WYOMING – Wyoming is closer than it has ever been to repealing the death penalty. After debating points of morality and money, the House voted 36-21 to pass HB145 at third reading, sending legislation to the Senate that would remove capital punishment as an option for first-degree murder convictions.

In part, and at its core, the bill simply strikes “death” from state statute concerning its penalties for murder in the first degree. “A person convicted of murder in the first degree shall be punished by death, life imprisonment without parole or life imprisonment according to law…”

Surprising? Not according to many who have been watching nationwide trends. And as some politicos point out: It’s not Dems doing it.

So far in 2019, in addition to Wyoming, there are Republican-sponsored death penalty repeal bills already introduced in three other states—Kentucky, New Hampshire, and Washington—with more anticipated.

In 2018, both houses of the Republican-controlled New Hampshire state legislature overwhelmingly passed a death penalty repeal bill that was vetoed. Studies show a significant increase in Republican state legislators opposing the death penalty from 2012-2017.

“With only nine Democrats in the Wyoming House of Representatives, this vote was driven by Republicans who value life, who want to be fiscally responsible, and who believe in limiting the scope of government,” said Hannah Cox, national manager for Conservatives Concerned About the Death Penalty. “This active leadership of conservative state legislators wanting to end the death penalty reflects the trend we are seeing across the country. Wyoming is the latest signal that the death penalty is on its way out and that conservatives are leading the way.”

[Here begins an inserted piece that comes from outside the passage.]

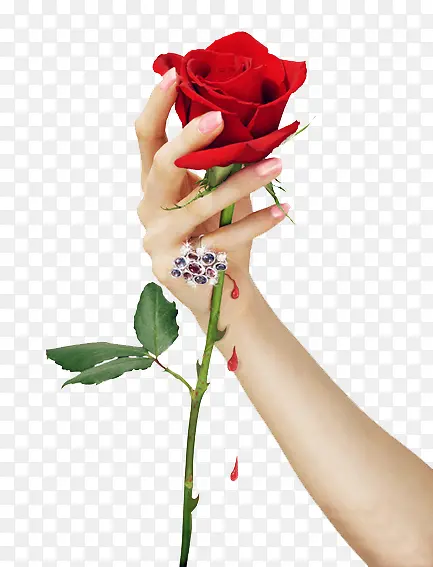 ����õ��-������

GOP representatives in the House cited various reasons why they voted to end capital punishment in the Equality State.

Rep. Sue Wilson (R-Cheyenne) said that she was once a death penalty supporter. But then she realized that, as in so many other cases, the government can—and often does—make mistakes. She said the thought of executing an innocent person horrified her.

Mugshot taken of Hopkinson following his 1978 arrest. (Laramie County Sheriff’s Office)

Rep. Danny Eyre (R-Lyman) said he’d always believed in capital punishment—he’d even argued on behalf of it in high school debate club. But then he saw the fallout in his own community when Wyoming executed Mark Hopkinson in 1992, the last person to be put to death in this state. Eyre grew up with Hopkinson and knew his family. When the state put him down, Eyre said, even Hopkinson’s horrible crime didn’t seem to justify the emotional and psychological harm in his small town that followed the execution.

The 30-member Senate includes just three Democrats so, again, it would be up to Republicans to do the heavy lifting if the bill were to be passed on to the Governor for signing.

Currently, capital punishment is a legal penalty in 30 states including Wyoming. Wyoming has executed 18 men since statehood—13 by hanging hanged, four by lethal gas, and one by lethal injection.

No one is on ‘death row’ right now in Wyoming since Dale Eaton received a stay of execution in 2014, later upheld on appeal in 2015.